The banchan at Soban were the same at both meals, save one. On the first visit we had kimchi, marinated bean sprouts, marinated cucumber, marinated fish cake, marinated turnips and some cooked and marinated Korean spinach. On the second visit the turnips had been replaced by a lovely dish of crunchy fresh gobo, which was cooked, and then marinated in a sweet sauce. Daniel even brought the whole gobo roots to the table and explained where they had come from when we asked about this dish.

The beer and wine list also includes some other traditional Korean spirits such as Soju and Sansachun. While not a long list, it is in keeping with the modest size and price range of this family-run restaurant.

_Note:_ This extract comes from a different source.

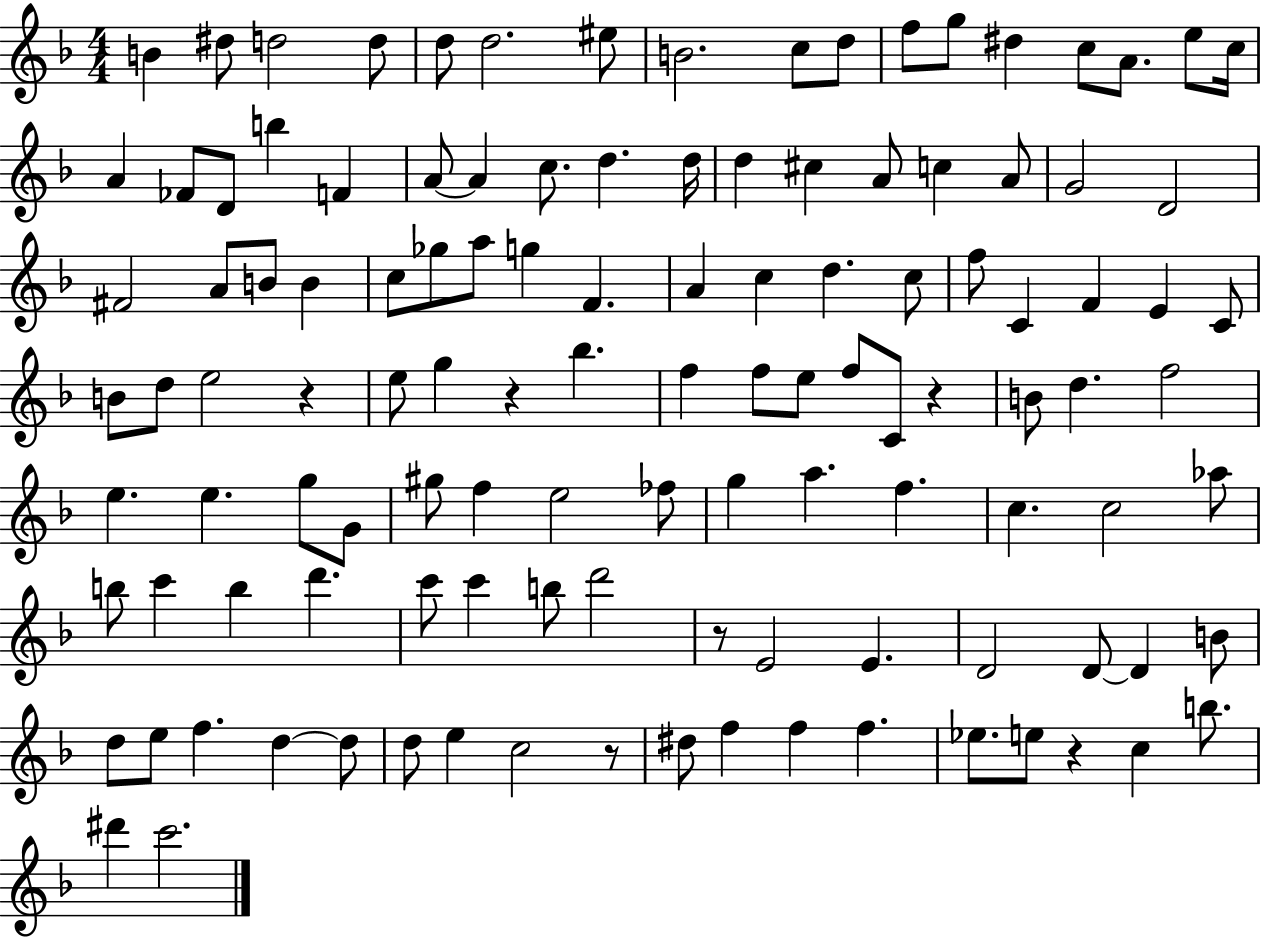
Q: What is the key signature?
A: F major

We tried sone of the sojus, and the sansachun, which is a Korean wine made with the red fruits of the sansa, and is supposed to be calming and therapeutic. We enjoyed them both.

In addition to alcoholic beverages, Soban has a nice list of unique teas. When we were there for lunch we had a hard time deciding so Daniel brought us one of each, and we had four different teas to share and try. We had green tea, as well as some traditional Korean teas ($2) – buckwheat tea, corn tea and barley tea. They were served at the proper temperature in individual pots, and were delicious with the food we chose.

Over the course of our lunch and dinner visits we tried several dishes. For starters we chose the Soban chicken ($10.95), good-sized cubes of tender chicken in a light fried batter, with soy-sesame glaze. We also had one of my favorites, the pan-fried Korean chive pancake ($8.95.) It was full of beautiful green onions, nicely mellowed by the cooking method and so tasty.

The entrees we experienced over the two visits were Galbi, specially cut and marinated and then grilled short ribs with a special house sauce ($20.95); Beef Bulgogi ($20.95), which is marinated sliced rib eye in a special sweet sauce, served over lots of grilled onions; Spicy Pork Bulgogi ($17.95); Soondubu ($14.95), which is a soft tofu stew with vegetables, and which can be ordered with additions like seafood, homemade kimchi or beef. I had the seafood addition.

We also tried pan-fried Mackerel ($12.95), very simply cooked, and Dolsot Bibimbap ($16.95), which was ordered with the addition of chicken.

The bibimbap is one of my favorite Korean meals. They have two main types of bibimbap; dolsot is cooked in a heavy and very hot stone pot, which is layered with rice, and topped with an assortment of vegetables, your choice of meat, chicken, tofu or seafood, and a fried egg. It is served with a special sauce that looks spicier than it tastes, and which is made with a miso base. You add the sauce to your taste.

The stone pot sizzles the rice, making it browned and crusty on the bottom, an attribute of this dish that everyone seemed to enjoy.

The Soondubu is a bit spicy, but not overly so to my taste. It is a huge bowl of soup/stew, and they bring it to the table in one of those great, hot stone bowls and it is boiling when it arrives. Daniel brought along a raw egg, and offered to crack it into the soup, letting me know to stir it in to the soup and it would cook. There was so much soup I took home about half of it to have for another meal.

If you have never tried Korean food, this is an adventure worth taking. Put yourself in the hands of Daniel and Sarah, and let them guide you toward the menu items with which you will be the happiest.